__Problem__
Beginning with the line that contains "Grand Canyon vintage Perfect Poster" in the material below, print each line exactly until the line that contains "Nobsound R21K Turntable" has been printed, then stop.

[Extracted information Boundary: Start]

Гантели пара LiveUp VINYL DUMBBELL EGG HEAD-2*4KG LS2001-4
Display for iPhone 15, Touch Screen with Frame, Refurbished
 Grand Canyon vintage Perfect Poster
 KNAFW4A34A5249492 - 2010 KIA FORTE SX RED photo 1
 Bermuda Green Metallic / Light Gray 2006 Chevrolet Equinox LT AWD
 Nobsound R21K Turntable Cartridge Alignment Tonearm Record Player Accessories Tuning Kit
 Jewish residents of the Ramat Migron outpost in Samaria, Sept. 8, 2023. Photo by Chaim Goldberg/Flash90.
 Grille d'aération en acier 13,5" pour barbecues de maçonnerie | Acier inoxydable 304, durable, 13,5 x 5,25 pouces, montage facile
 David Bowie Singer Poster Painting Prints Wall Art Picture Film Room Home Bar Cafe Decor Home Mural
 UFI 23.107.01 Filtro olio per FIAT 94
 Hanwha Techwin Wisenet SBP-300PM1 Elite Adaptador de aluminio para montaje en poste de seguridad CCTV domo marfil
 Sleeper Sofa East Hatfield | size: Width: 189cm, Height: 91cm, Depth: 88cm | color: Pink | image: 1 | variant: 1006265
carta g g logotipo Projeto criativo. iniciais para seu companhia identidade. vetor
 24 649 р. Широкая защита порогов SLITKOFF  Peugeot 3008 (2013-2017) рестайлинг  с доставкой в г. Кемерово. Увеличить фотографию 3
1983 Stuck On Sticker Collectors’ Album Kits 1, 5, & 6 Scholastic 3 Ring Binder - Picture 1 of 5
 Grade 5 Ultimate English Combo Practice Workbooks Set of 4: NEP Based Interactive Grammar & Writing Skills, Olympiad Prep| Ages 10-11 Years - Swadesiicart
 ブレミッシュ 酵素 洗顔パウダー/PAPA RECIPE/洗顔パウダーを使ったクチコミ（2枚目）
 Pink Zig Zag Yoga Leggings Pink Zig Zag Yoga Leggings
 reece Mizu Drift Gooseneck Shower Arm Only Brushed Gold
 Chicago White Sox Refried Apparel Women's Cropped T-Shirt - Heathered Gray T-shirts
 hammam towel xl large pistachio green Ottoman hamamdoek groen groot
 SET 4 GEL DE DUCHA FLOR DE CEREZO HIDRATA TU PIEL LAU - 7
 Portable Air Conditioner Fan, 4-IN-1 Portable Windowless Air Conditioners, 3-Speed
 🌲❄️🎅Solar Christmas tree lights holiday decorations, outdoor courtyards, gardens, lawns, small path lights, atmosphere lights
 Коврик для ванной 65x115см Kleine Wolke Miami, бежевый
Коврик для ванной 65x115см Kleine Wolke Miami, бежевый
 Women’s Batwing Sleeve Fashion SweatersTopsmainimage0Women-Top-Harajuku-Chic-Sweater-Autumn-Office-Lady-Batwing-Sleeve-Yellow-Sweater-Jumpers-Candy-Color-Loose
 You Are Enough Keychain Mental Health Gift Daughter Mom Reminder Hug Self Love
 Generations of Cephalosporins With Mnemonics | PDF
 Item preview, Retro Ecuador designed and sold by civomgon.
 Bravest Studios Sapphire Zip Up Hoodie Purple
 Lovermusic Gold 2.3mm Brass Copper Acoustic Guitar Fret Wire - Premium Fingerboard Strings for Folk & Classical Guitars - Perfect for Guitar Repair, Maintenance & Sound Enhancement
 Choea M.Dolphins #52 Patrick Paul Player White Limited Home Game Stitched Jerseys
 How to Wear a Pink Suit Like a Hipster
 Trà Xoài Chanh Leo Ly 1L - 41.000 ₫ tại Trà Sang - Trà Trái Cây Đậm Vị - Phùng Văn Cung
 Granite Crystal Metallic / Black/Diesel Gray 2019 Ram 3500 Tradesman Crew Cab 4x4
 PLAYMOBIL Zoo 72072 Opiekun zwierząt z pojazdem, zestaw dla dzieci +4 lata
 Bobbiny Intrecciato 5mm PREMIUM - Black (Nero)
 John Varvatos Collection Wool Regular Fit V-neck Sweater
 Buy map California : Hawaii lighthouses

[Extracted information Boundary: End]

__Exercise response__
 Grand Canyon vintage Perfect Poster
 KNAFW4A34A5249492 - 2010 KIA FORTE SX RED photo 1
 Bermuda Green Metallic / Light Gray 2006 Chevrolet Equinox LT AWD
 Nobsound R21K Turntable Cartridge Alignment Tonearm Record Player Accessories Tuning Kit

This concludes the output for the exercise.